KV Engine

A C++23 LSM-tree key-value store with crash recovery and a gRPC API supporting point operations and server-streaming range scans.

Modelled after LevelDB and RocksDB, with the LSM-tree design from O'Neil et al. (1996).

Key Features

Write-ahead logging – crash recovery via WAL replay with CRC32 integrity checks and length-prefix framing
Sorted in-memory memtable – std::map-backed structure with std::shared_mutex for concurrent reads and exclusive writes
SSTable persistence – sorted, immutable on-disk files with index blocks and footer for efficient point lookups
Multi-level reads – memtable first, then SSTables from newest to oldest with first match winning and tombstone semantics for deletes
Levelled compaction – background thread merges L0 SSTables into L1 with fine-grained locking, so reads and flushes continue during compaction
SSTable reader cache – parsed readers stay resident for each file's lifetime and serve concurrent get() callers via positioned reads, eliminating per-lookup open and index-parse cost
Per-SSTable Bloom filter – probabilistic membership test consulted before the binary search on get(), short-circuiting lookups for keys guaranteed not to be in the file (no false negatives, ~1% false positive rate)
Key range pruning – cached min/max keys let get() skip SSTables whose key range cannot contain the lookup key, avoiding the Bloom check and binary search entirely
gRPC API – Put / Get / Delete as unary RPCs and Scan as server-streaming, with snapshot semantics isolating in-flight scans from concurrent writes, flushes, and compactions

Planned Features

Raft consensus for distributed replication across multiple nodes

Performance

Measured on M1 Max in Release build. Full numbers in docs/2026_05_05_grpc_with_scan_baseline.txt.
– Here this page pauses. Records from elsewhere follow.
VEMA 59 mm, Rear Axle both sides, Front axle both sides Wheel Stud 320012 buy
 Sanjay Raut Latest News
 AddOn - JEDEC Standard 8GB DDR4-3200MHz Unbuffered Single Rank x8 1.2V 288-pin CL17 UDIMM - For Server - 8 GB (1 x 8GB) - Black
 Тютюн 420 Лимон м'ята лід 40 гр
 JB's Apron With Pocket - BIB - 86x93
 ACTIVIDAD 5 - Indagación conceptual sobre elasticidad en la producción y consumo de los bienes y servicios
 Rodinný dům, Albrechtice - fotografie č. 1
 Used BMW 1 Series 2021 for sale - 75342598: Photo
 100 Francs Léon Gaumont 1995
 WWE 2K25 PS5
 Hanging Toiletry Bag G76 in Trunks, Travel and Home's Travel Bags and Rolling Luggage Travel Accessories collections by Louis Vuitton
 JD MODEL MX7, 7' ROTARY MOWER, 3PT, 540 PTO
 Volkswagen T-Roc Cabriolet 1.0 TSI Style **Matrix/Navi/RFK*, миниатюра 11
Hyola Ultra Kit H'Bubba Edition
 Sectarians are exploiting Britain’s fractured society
Workload	Throughput	Latency (p50)	Notes
Memtable read	2.6M ops/sec	0.33 µs	Hot in-memory path
SSTable read	114k ops/sec	8.54 µs	Cached reader + Bloom filter + range pruning
Negative lookup	73k ops/sec	13.58 µs	All read-path optimisations short-circuit
Write (`put`)	16k ops/sec	42 µs	`fsync`-bound on the WAL
gRPC unary read	7.3k ops/sec	~130 µs	Loopback overhead vs direct in-process call
gRPC streaming scan	~117k rows/sec	~8.5 µs/row	~15x amortisation vs unary (HTTP/2 framing paid once per stream)

Architecture

flowchart TD
    client[Client] -->|Put / Get / Delete / Scan| grpc[gRPC Server]
    grpc -->|engine API| engine[Engine]
    engine -->|writes| wal[Write-Ahead Log]
    engine -->|writes / reads| memtable[Memtable<br/>sorted in-memory]
    engine -->|scan creates| snapshot[Scan Snapshot<br/>memtable copy + SSTable readers]
    memtable -->|flush when full| l0[L0 SSTables<br/>overlapping key ranges]
    l0 -->|background compaction| l1[L1 SSTables<br/>merged, deduplicated]
    engine -.point reads.-> l0
    engine -.point reads.-> l1
    snapshot -.range reads.-> l0
    snapshot -.range reads.-> l1
    wal -.replay on startup.-> memtable

Build

Requires a C++23 compiler with <print> support – GCC 14+, a Clang toolchain with libc++ 19+, or Apple Clang 16+ (Xcode 16+).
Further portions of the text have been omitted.